The campus was incredibly huge and lush with greenery. Sometimes it reminded me more of an urban park than a university campus. The campus includes student and teacher housing, a dining hall, restaurant, café, supermarket, copy shop, and student launderette. It was almost like a self-sufficient mini-city within a city, very different from European campuses I’m used to.
At the end of the summer school, we also had the opportunity to talk about our own fields of expertise in relation to what we had learned during the programme. I decided to talk about visual culture and iconoclasm, using Ai Weiwei and his controversial work with Han Dynasty vases as a case study.
Apart from daily lectures, we went on many different excursions to see the highlights of Beijing. Our first excursion was a visit to the Forbidden City in the centre of Beijing. The Forbidden City was the Chinese imperial palace, where the emperor and his household used to live. It was the ceremonial and political heart of the Chinese government for almost 500 years. The forbidden city is now called the Palace Museum. The huge complex of squares, gates, buildings, and gardens is now accessible to anyone who wishes to see it.
Look! It’s me, awkwardly posing in front of an amazing artwork by Ming Wong at the Ullens Center for Contemporary Art. The 798 Art Zone or Dashanzi Art District can be found in the northeast corner of Beijing. The area currently houses a thriving artistic community in 50-year-old decommissioned military factory buildings. Nowadays, international artists like Ai Weiwei display their work in transformed exhibition areas.
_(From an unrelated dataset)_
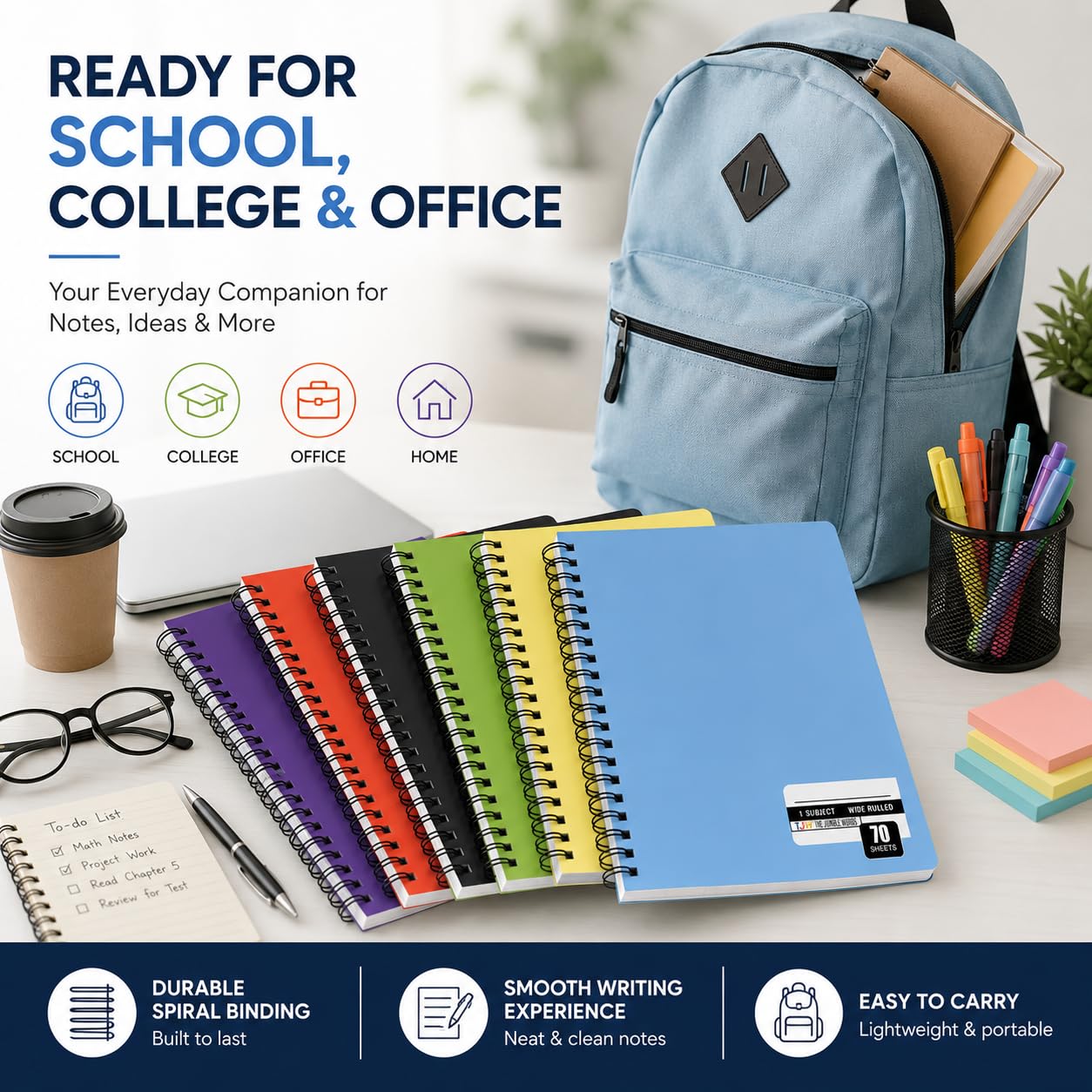 Quaderni a spirale Confezione da 36, 1 soggetto, quaderni a righe universitarie, 70 fogli, 26,7 x 19,1 cm, pagine di qualità, copertina resistente, quaderni per lavoro 6 colori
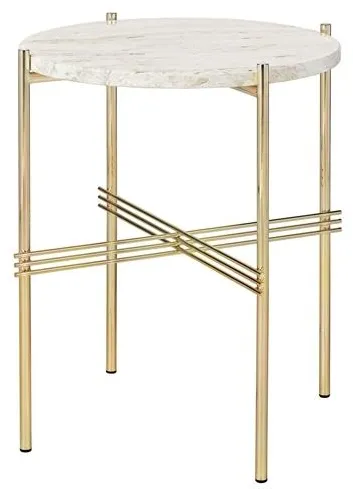 GUBI TS Rundt Sidobord Ø40 Mässing/Vit Travertin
Of course, a trip to China wouldn’t be complete without visiting the infamous Great Wall. We visited the Mutianyu section of the Great Wall, 70 km northeast of central Beijing. This section is one of the best-preserved parts of the wall. You could climb all the way to the building you see in the top left corner of the photo above, but I only got halfway up.
Last but not least, we also went on a nighttime hutong tour! Hutongs are traditional neighbourhoods in northern Chinese cities like Beijing. They are formed by narrow streets and alleys of residences and shops. The traditional houses are characterised by courtyards. Beijing’s rapid urban development means many hutongs have already been demolished to make way for new roads and buildings. Some of the hutongs in Beijing have now been designated as protected areas to preserve them as heritage sites.
We closed the programme after 11 days of classes with a graduation pizza party and a closing ceremony the next morning. We all signed the scroll and received our certificates. You can see my sister (left) and I signing the scroll as well. I promise I also wrote down the characters of my Chinese name afterwards, but I’m very insecure about my non-existent calligraphy skills, so you won’t get to see it (hehe).
Attending the BNU Summer School may have been the best travel experience of my life! It was an exciting combination of academic development and cultural experience. I honestly believe that when I travel and am exposed to other people’s perspectives, I truly learn the most. I understand summer schools aren’t for everyone, but if you are interested, I really advise you to give it a try. It doesn’t have to be in Beijing necessarily, there are plenty of options out there.